The economic and financial effects flowing from lockdowns to curb the spread of Covid-19 have been severe in most Asia-Pacific economies, with substantial declines in the incomes of people at the base of the economy, many of whom rely on microfinance to manage their household or microenterprise cash flows.
Like everyone else, people and enterprises at the base of the economy rely on financial products and services for basic needs such as savings deposits, receiving and sending payments, loans etc. However, in developing and emerging economies such services are often only available from microfinance providers such as microfinance institutions, cooperatives, NGOs, savings associations or self-help groups. In many economies the ability of these institutions to continue providing financial services has been disrupted by the pandemic, putting the poor and the financial service providers they rely upon in a precarious position.
As part of the Asia-Pacific Financial Inclusion Forum in 2020, an APEC policy initiative, FDC set out to capture emerging lessons from the experiences of different economies as the Covid-19 crisis unfolded. These lessons have formed the basis for recommendations FDC has developed for policymakers and regulators to assist them in preparing for future extraordinary events by building the resilience of microfinance providers and their clients. The recommendations also provide guidance on how governments can use the Covid-19 crisis as an opportunity, as part of the recovery process, to support microfinance providers in becoming more effective in advancing financial inclusion at the base of the economy and being catalysts for broader economic growth.
These recommendations, including supporting case studies, are explained in detail in FDC’s recent publication: Enabling shared prosperity through inclusive finance: leaving no one behind in an age of disruption. This report was prepared for APEC’s Finance Ministers and other senior officials to support regional efforts to expand the reach of financial services to the underserved. A summary of the recommendations is as follows:
Recommendation #1. Enable microfinance providers to continue providing services which support the resilience of clients during times of crisis by:
Recognising microfinance providers as frontline suppliers of essential services, so that they can remain open and continue serving clients.
Increasing access to liquidity for microfinance providers, including collaboration with specialist finance and development agencies to provide blended finance facilities.
Enacting concessions or moratoria proportionately and consistently throughout the financial system to ensure stability across the entire financial system.
Recommendation #2. Enact reforms which accelerate recovery and lead to more sustainable and effective microfinance providers serving the base of the economy by:
Facilitating digital transformation by advancing digital financial infrastructure, open banking and digital identification and promoting digital literacy as a core skill.

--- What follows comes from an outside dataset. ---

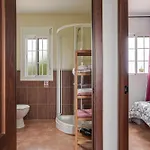 Mayo A Apartment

Ensuring reforms targeting microfinance providers recognise the value of “high-touch” operating models critical for client relationships, building financial literacy and capacity and establishing trust in the financial system.
Prioritising digital identity initiatives enabling governments to provide direct fiscal assistance and microfinance providers to serve their clients more effectively and at lower cost.

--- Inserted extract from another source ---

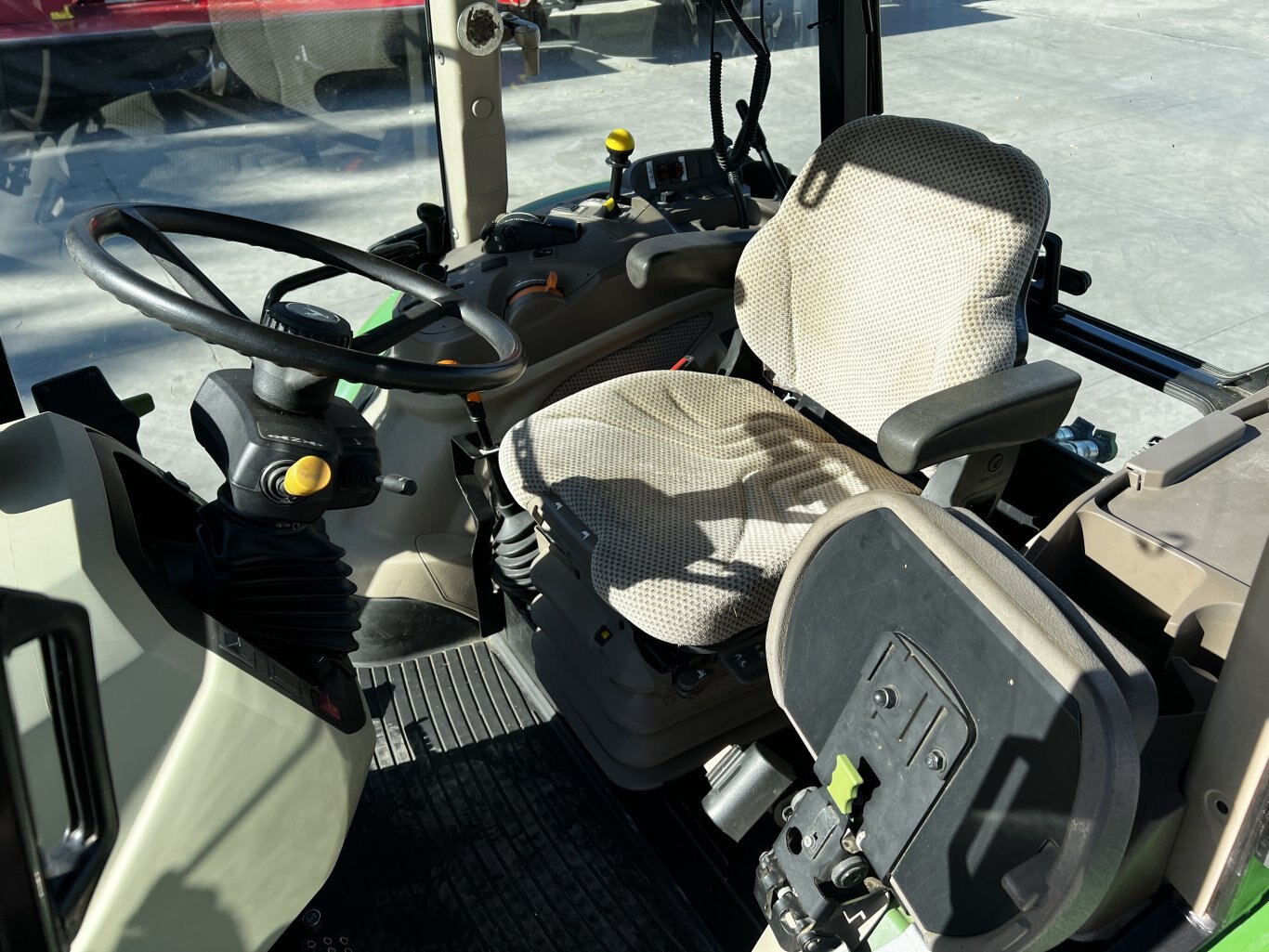 2016 John Deere 5100M Tractor #11121 BP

Providing microfinance providers incentives and assistance to invest in digital transformation, and their programs of education and awareness building to build trust and demand for digital services among their customers.

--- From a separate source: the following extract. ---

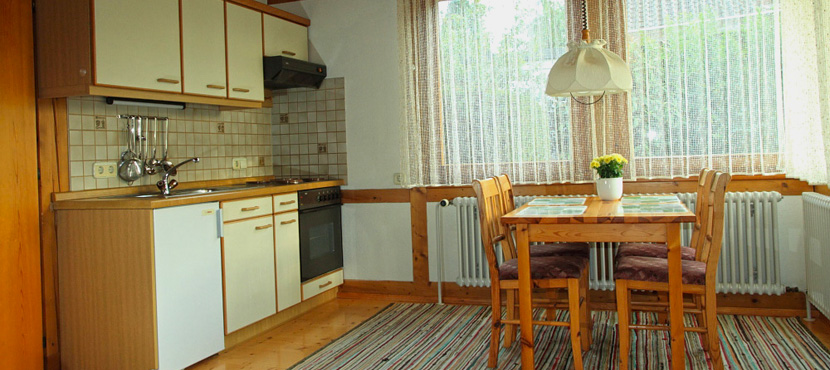 Küche - Essbereich, Ferienwohnung West - Landhaus Schwaben Hayingen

Extending regulation and supervision to microfinance providers to ensure that appropriate client protection measures are standardised and in place for the future.
Promoting partnerships between communities, healthcare systems, local governments and frontline finance providers supporting communities at the base of the economy to build economic resilience for the future.
Maintaining stability including for microfinance providers facing insolvency, by enabling recapitalisations, mergers or other collaborative restructuring and temporary regulatory forbearance, based on asset quality standards.